Nick Fury (Marvel Comics): This comic starts with a bold move on the cover, with the eponymous hero in a vibrant magenta. The color explodes through the book, accenting the action sequences and making the visual narrative more dynamic I always enjoy non-standard splash pages, and the slick control of the story flow compliments the mood and environment.
Without getting too specific, Agent Fury walks into a casino, looking for Hydra intel. It feels like Ocean's Eleven and Casino Royale: Marvel's espionage at its best. I have a good feeling about this series considering how strong this first issue is.
Batwoman (2017) (DC Comics): Batwoman also uses an interesting color palette choices, using black, white and red during flashbacks, evoking a more stark and dramatic tone to the storytelling.

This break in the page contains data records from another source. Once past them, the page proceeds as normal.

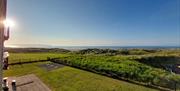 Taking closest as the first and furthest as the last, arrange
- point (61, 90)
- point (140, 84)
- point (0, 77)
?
point (0, 77), point (61, 90), point (140, 84)

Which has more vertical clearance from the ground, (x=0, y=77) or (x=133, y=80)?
(x=0, y=77)

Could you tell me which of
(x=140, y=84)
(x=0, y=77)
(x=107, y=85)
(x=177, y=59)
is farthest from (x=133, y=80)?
(x=177, y=59)

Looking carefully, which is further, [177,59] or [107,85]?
[177,59]

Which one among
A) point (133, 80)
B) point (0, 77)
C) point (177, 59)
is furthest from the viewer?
point (177, 59)

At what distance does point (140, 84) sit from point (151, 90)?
185cm

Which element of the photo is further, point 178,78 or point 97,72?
point 97,72

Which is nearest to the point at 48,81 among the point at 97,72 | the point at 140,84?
the point at 97,72

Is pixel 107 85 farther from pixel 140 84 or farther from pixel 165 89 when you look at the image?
pixel 165 89

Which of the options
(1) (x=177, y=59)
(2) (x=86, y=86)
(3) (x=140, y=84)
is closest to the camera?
(2) (x=86, y=86)

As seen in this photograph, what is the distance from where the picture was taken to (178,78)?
14.7 meters

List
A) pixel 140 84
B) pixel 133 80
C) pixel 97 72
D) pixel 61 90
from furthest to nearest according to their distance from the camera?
1. pixel 97 72
2. pixel 133 80
3. pixel 140 84
4. pixel 61 90

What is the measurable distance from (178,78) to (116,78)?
553cm

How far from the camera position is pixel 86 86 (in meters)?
14.6

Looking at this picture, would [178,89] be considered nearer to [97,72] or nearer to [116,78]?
[116,78]
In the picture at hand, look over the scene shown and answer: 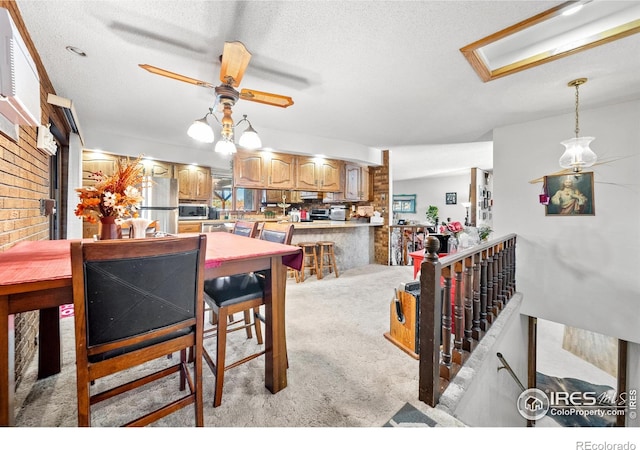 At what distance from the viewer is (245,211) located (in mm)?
6141

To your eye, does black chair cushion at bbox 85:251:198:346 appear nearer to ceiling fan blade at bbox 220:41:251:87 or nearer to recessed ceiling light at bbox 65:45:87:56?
ceiling fan blade at bbox 220:41:251:87

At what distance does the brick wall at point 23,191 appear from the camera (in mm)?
1539

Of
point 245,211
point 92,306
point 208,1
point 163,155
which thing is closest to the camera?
point 92,306

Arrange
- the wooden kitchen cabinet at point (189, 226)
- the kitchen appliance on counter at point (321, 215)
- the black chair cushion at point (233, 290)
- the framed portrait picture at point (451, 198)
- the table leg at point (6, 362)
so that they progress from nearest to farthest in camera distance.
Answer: the table leg at point (6, 362), the black chair cushion at point (233, 290), the wooden kitchen cabinet at point (189, 226), the kitchen appliance on counter at point (321, 215), the framed portrait picture at point (451, 198)

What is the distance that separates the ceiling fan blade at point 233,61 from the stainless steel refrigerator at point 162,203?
3.33 metres

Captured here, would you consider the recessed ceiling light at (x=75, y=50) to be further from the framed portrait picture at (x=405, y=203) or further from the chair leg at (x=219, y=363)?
Answer: the framed portrait picture at (x=405, y=203)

One of the driving questions for Batwoman is "What can Batwoman do that Batman can't?" It haunts her, drives her to brooding obsession and compels her to action rather than falling into a Hamlet-esque entropy. Anyone familiar with the previous series will recognize the cast and the dynamics, with a new bioweapon hitting the black market and wreaking havoc.
Rose (Image Comics):
This is a chilling high-fantasy tale in a land which no longer trusts in magic, and is killing all people who show any signs of magic, usually signified through white hair of the user. Our heroine Rose is a redhead mage who returns one day to her burning village, and her burning house which claims her mother. She flees the village, running into a group of renegades rebelling against the queen's tyrannical reign.
When we talking of villains, the queen is the embodiment of evil, having not only decimated the magical population (when she's obviously a mage), but also enslaving and killing her underlings with no reluctance.
Rose has not yet found her Khat (yes, it's name is Thorne) which is vital to becoming the Guardian to save her world. Writer Meredith Finch (Wonder Woman, The Little Mermaid) and Ig Guara (Batman: Arkham Knight, Blue Beetle, The Ravagers) are excellent in building a compelling, gritty environment and a truly hateful villain without the expected grandstanding.
The colors used by the colorist intensify the drama and action of every scene, in the same way that lighting is used for plays to convey an extra layer of visual meaning.
All in all, these three comics have played successfully with color within storytelling and produced an excellent piece. I hope you enjoy them as much as I did.